_Data_

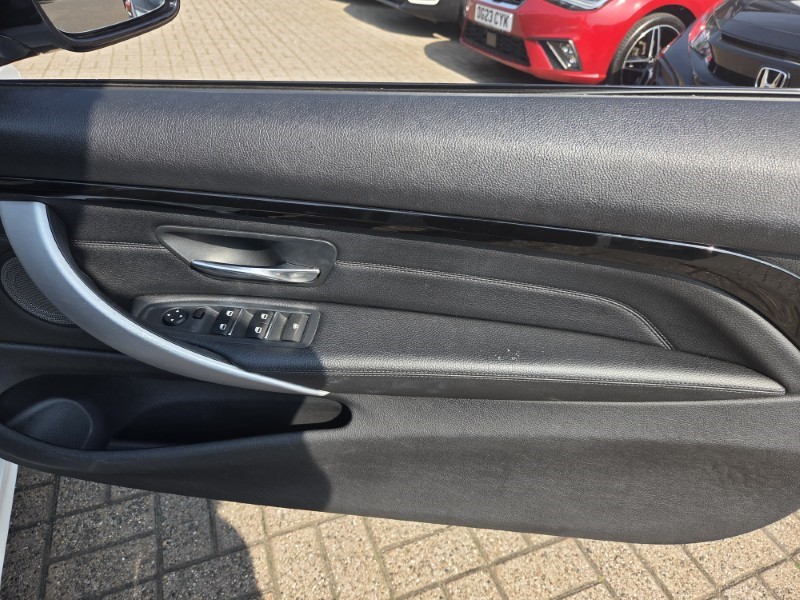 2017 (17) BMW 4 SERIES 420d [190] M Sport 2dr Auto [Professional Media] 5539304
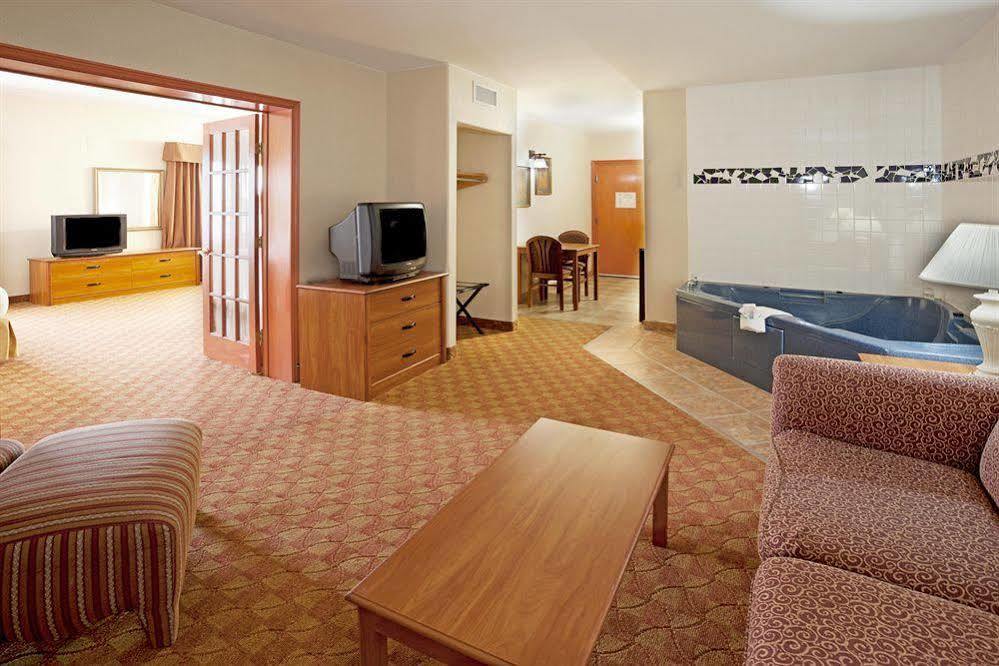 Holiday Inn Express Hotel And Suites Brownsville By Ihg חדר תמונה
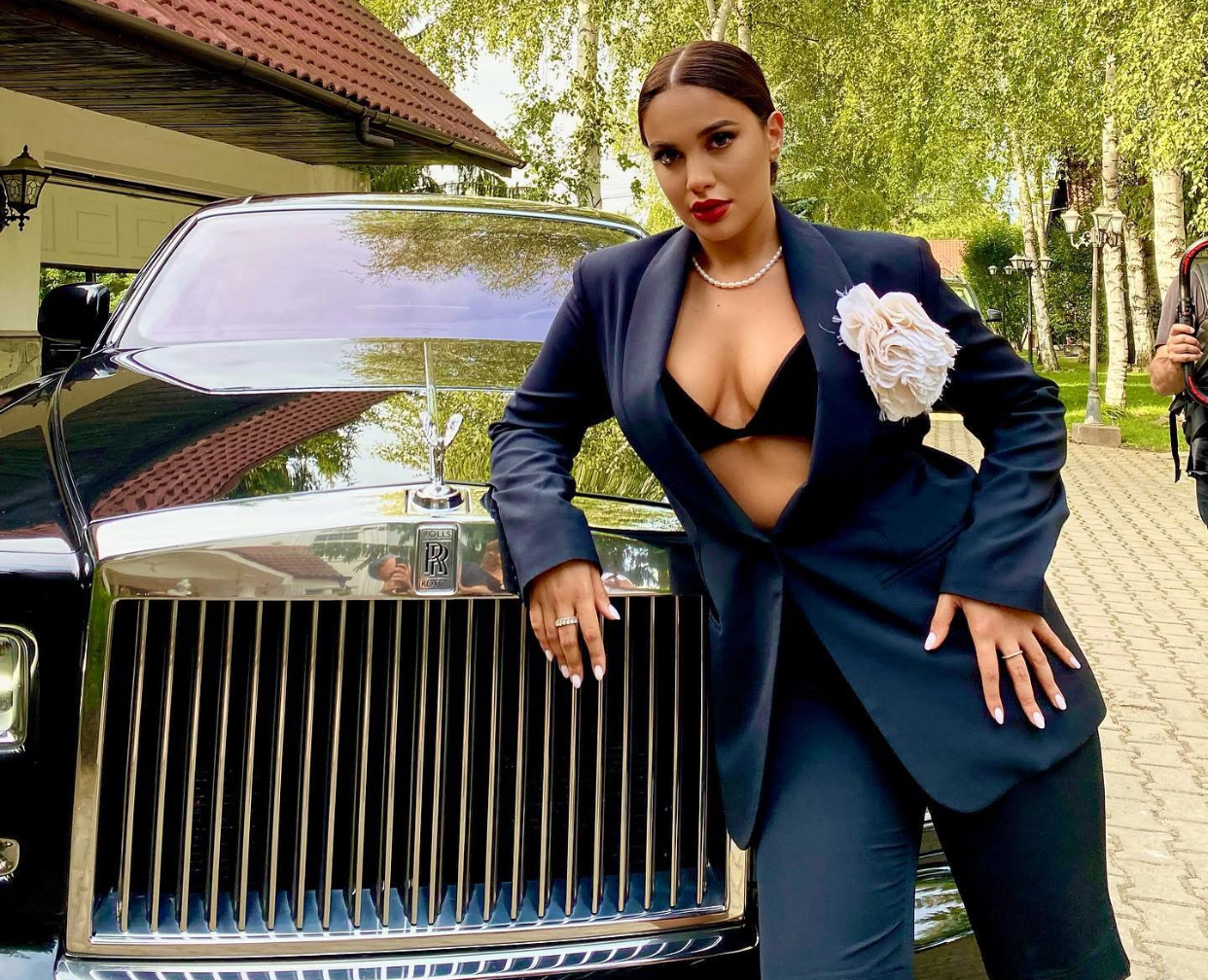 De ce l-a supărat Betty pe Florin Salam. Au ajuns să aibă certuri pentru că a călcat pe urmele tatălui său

_The task_
The job is to set down the whole listing exactly, excluding any images.

_Solution_
 2017 (17) BMW 4 SERIES 420d [190] M Sport 2dr Auto [Professional Media] 5539304
 Holiday Inn Express Hotel And Suites Brownsville By Ihg חדר תמונה
 De ce l-a supărat Betty pe Florin Salam. Au ajuns să aibă certuri pentru că a călcat pe urmele tatălui său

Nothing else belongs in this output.